This morning, I woke up in a strange bed.
When the swift passage of time weighs heavy, memories loom large. In my dreams, my unconscious mind gently pumps the breaks, rewinds my thoughts to then. Then, when the canvas of my future was largely blank. When I wake, even the present seems muddled.
The humidity permeated the faux cooled air; there was the familiar sound of gentle snoring, but it seemed distant. No hot boxer breath, no pillowy boxer jowls spread across my shoulder. It took a few moments for me to sort it out. Ahhh. New Orleans. My dear old friend, still asleep. We are visiting my daughter, spring break in reverse, pressing our own pause buttons. For two days, or, to be more accurate, for six meals. At least.
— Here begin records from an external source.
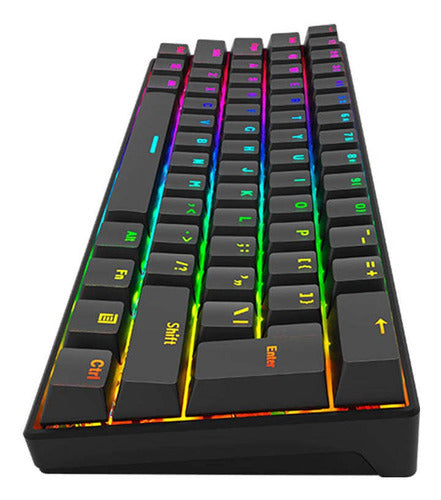 Teclado Gamer Mecanico Xtrike Me Gk-985p 60% Rgb Negro – imagen 4
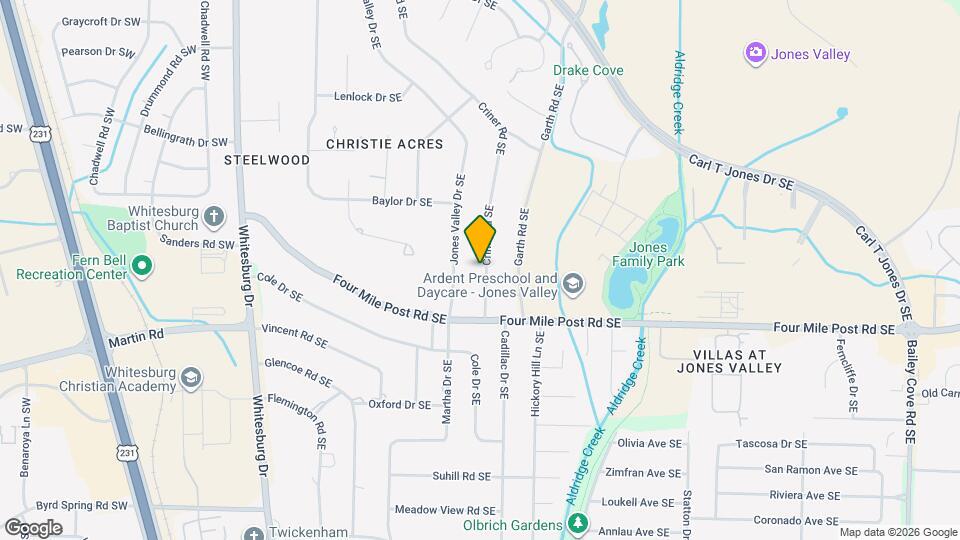 7110 Criner Rd SE Map and Location Details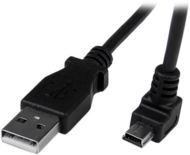 Startech - Mini USB Cable - A to Down Angle Mini B - 2M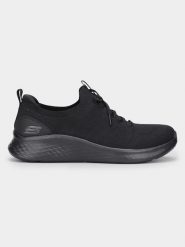 Skechers Sneakersy w kolorze czarnym rozmiar: 35. Czarne trampki Skechers, bez wzorów, bez zapięcia. Za 223.99 zł.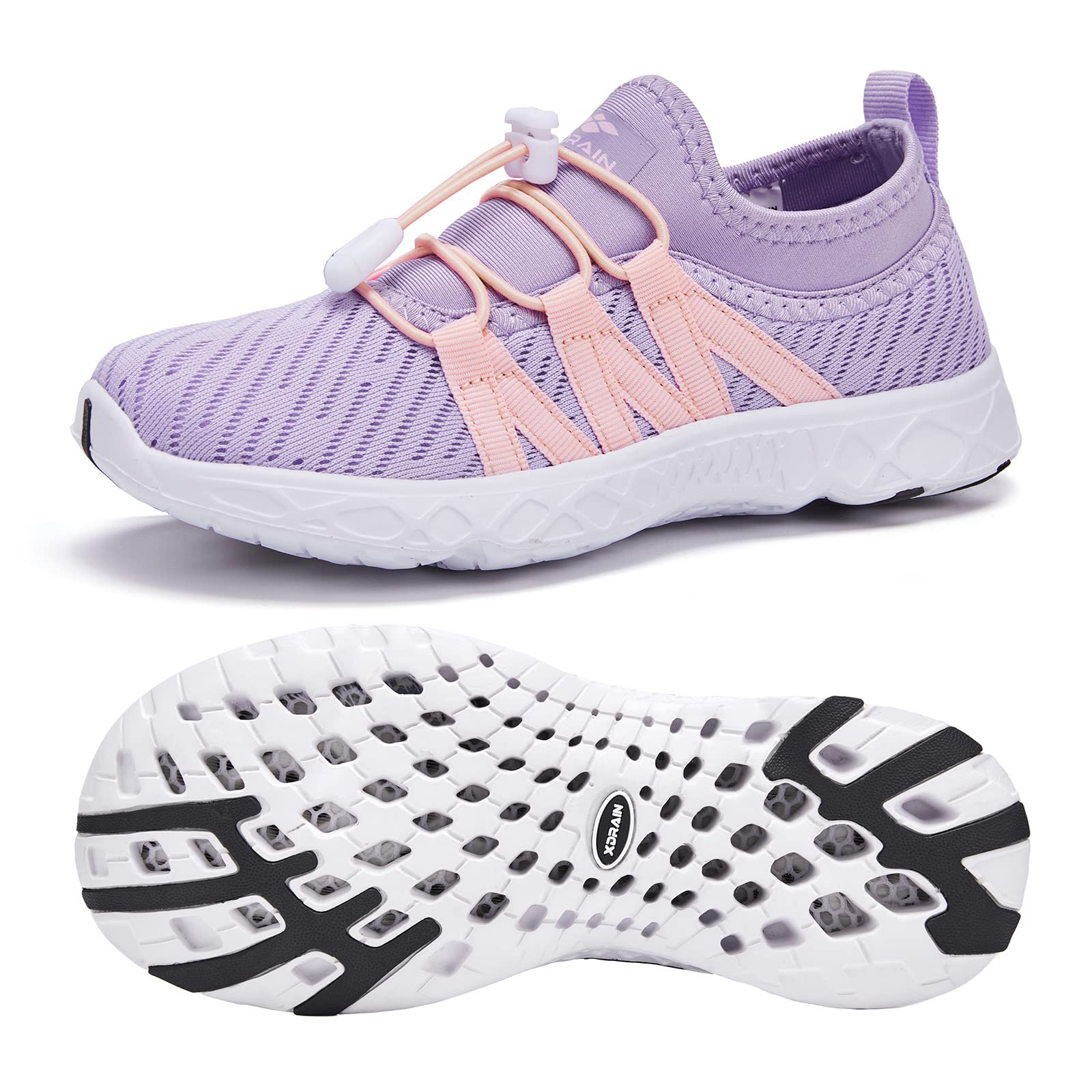 ALEADER Quick Dry Water Shoes for Kids - Slip On Toddler & Children's Swim Shoes for Beach, Pool & Outdoor Activities (Toddler/Little Kid/Big Kid)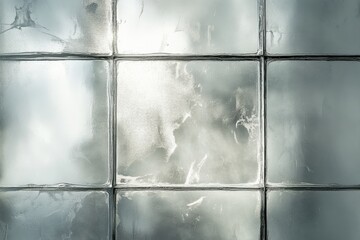 Translucent glass blocks transmit ethereal light and subtle cloudiness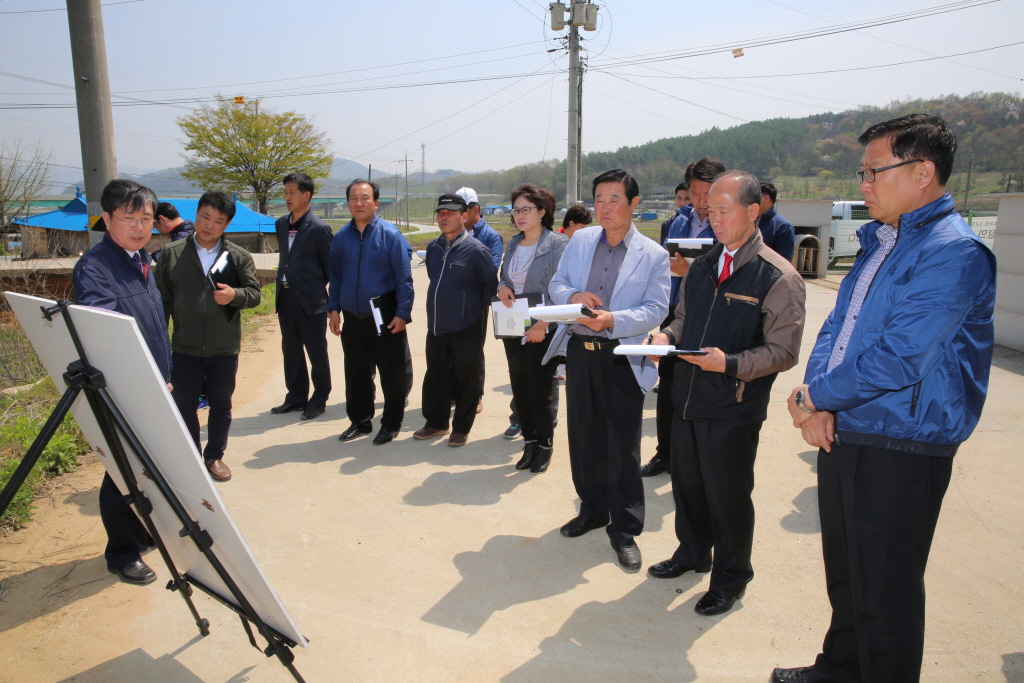 제212회 예산군의회(임시회) 군정주요사업장 답사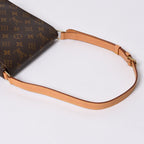 Louis Vuitton Monogram Musette Salsa Shoulder Bag Brown Vachetta Leather Gold — view 6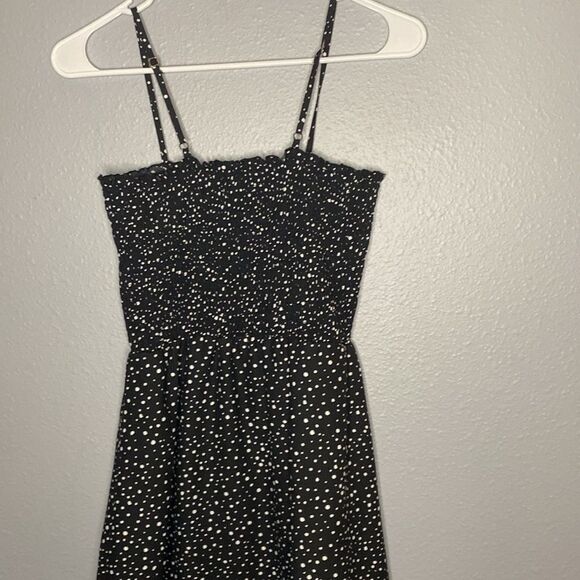 Forever 21 Black and White Speckled Polka Dot MIDI Dress Size XS - Picture 10 of 10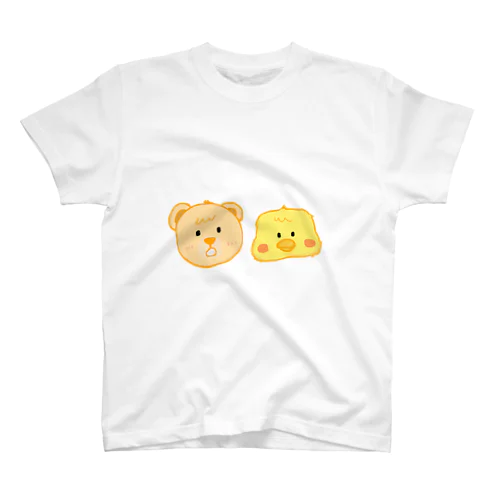 怖がりくまくんとほっぺインコ スタンダードTシャツ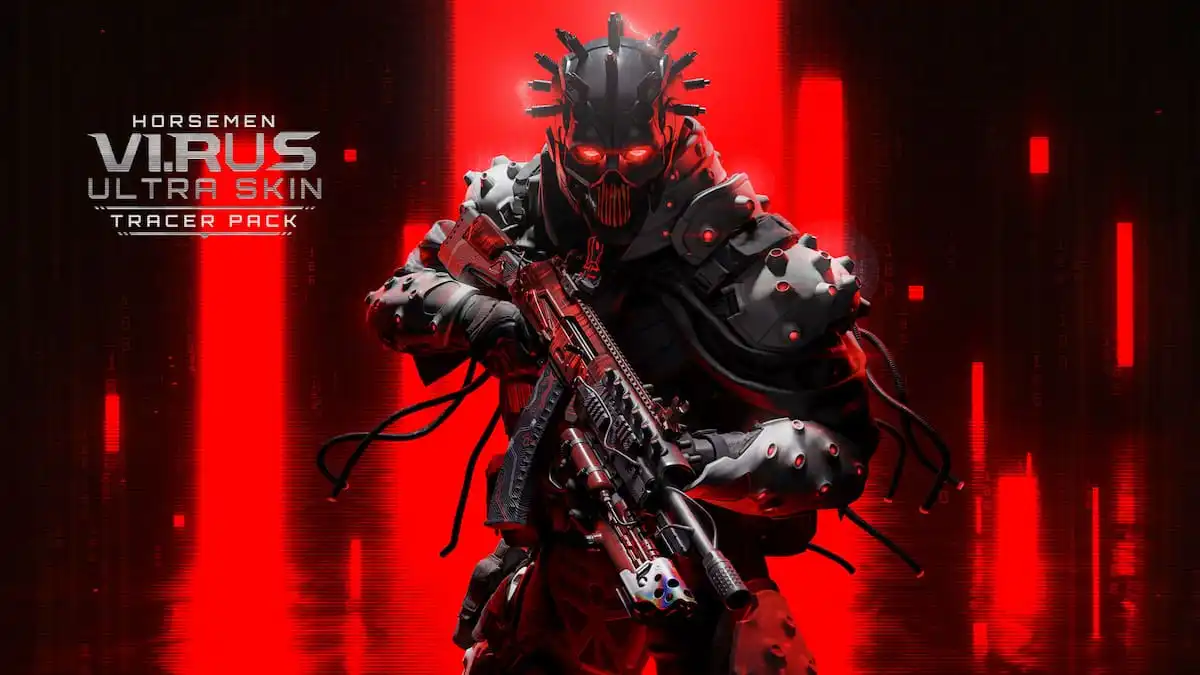 Menacing soldier in black and red armor in Modern Warfare 3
My friend told me her mom and sister thought this trip would do her good. Actually, she said they thought it would "fix" her. She has her own memories here, from when her younger son went to college, before my youngest child began. When I am with her, and even when I am not, I dwell on her older son, the one who passed away so suddenly a little more than a year ago. To fix her, we would have to undo that. To fix any of us, we would have to undo that. I'm a dreamer, but I'm not an idiot.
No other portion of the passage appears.